At length an old chest that had long laid hid

Was found in the castle; they raised the lid

A skeleton form lay mouldering there

In the bridal wreath of that lady fair

 

How sad the day when in sportive jest

She hid from her Lord in the old oak chest.

It closed with a spring and a dreadful doom

And the bride lay clasped in a living tomb.

 

1891 census John Warren, aged 51, rector of Bawdrip (the son of the previous John Warren) wife Margaret aged 43, children John 16, James 15, William 13 and another son aged 9.  Sibley Trist governess, aged 28.  Emily Cribble aged 51, nurse.  Mary Brown, aged 22, table maid, Lucy Beardon aged 22, cook.  Kate Bird, aged 18, housemaid.

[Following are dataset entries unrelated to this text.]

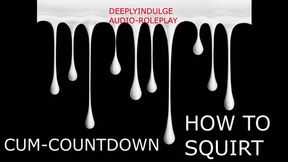 Cum Countdown Squirting Guide (Audio Roleplay) Intense Dirty Talk ASMR Sex Instructions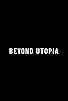 Primary photo for Beyond Utopia: Escape From North Korea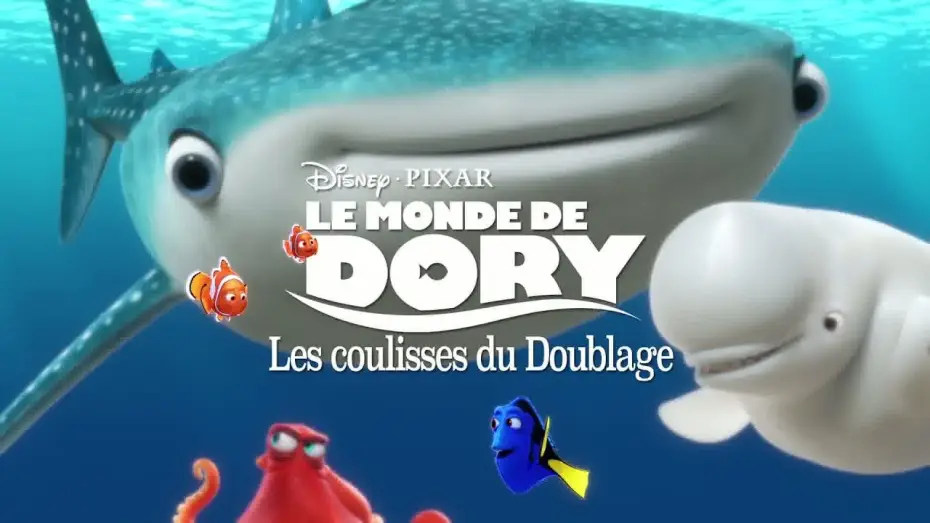 Video for the film Finding Dory — Le Monde de Dory - Making-of : Doublage avec les voix françaises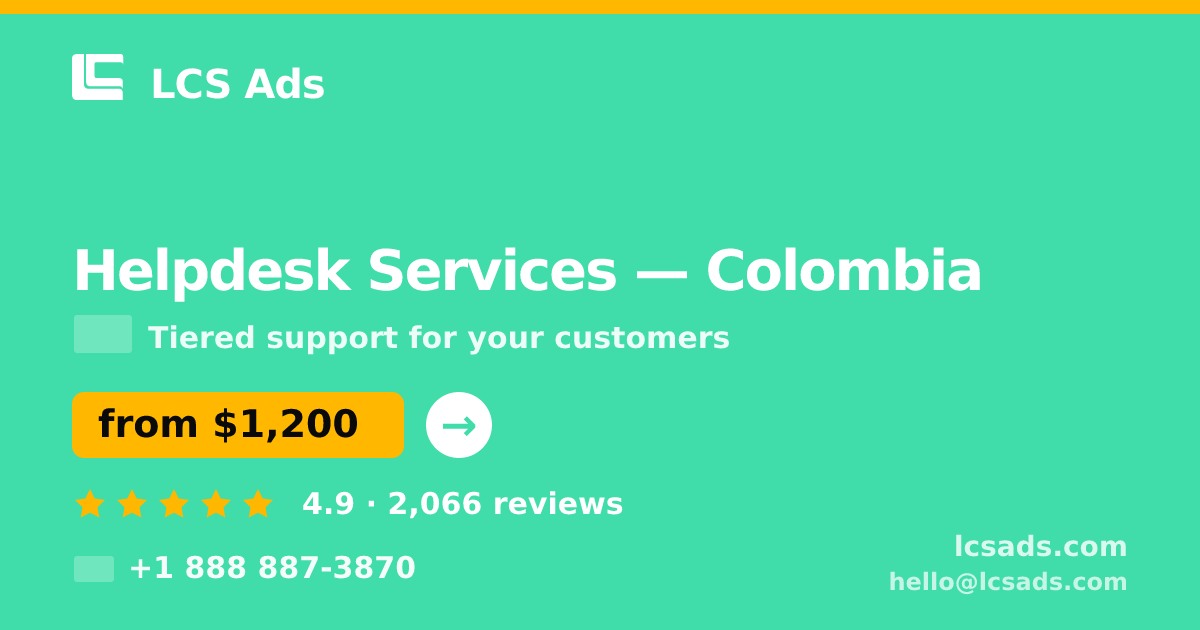 Helpdesk Services in Colombia — from $1,200/mo, rated 4.9/5 by 2066 clients. LCS Ads.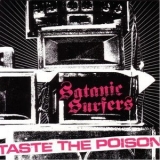 Satanic Surfers - Taste The Poison '2005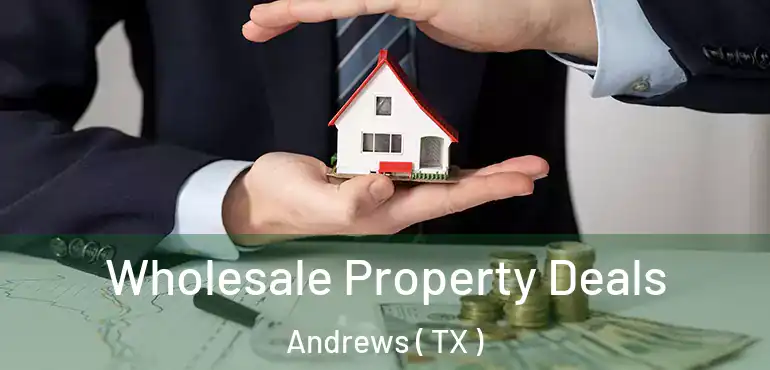  Wholesale Property Deals Andrews ( TX )
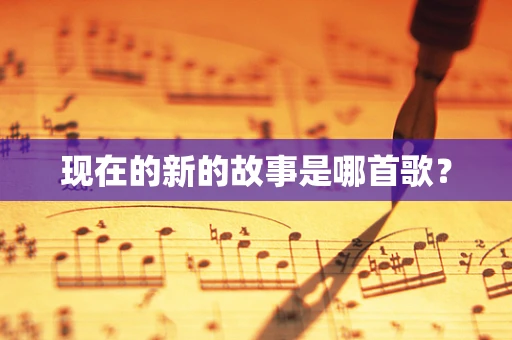 现在的新的故事是哪首歌？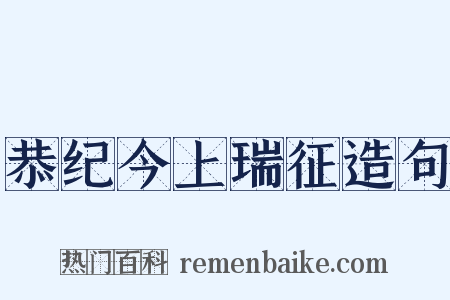 恭纪今上瑞征造句是什么意思的图片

1901 John Warren, aged 61.  Born in South Brent, Devon.  Son, Frederick 19.  Eliza Tust, a visitor, aged 38.  Elsie Bremner, aged 42, housekeeper.  Blanche Bawden, aged 21, parlour maid.

1902-1913 William Townend

1919-1946 William Cass

1946-1949 Dukes

1949-1955 W. T. E. Morris

In 1949 part of the Rectory building, nearrest the Road, was coverted into a flat, which was occupied until 1972 by Robert Darcey Harris.

1955-1959 Mr Lord, a missionary

11.9.1961-12.5.1967 David Roberts.

4.10.1967-20.8.1968 D. L. Williams.  He was not popular with the older churchgoers as he had a live-in girlfriend.

The premises were auctioned at the Village Hall in October 1987 and were purchased by a developer.  The premises deteriorated until, in 1995, it was purchased by Martin and Jillian Stone.  They saved the property and carried out extensive restoration works.   They revealed some wonderful old fireplaces and the roof void still has a sample of the original thatched roof, pointing to its much early origins.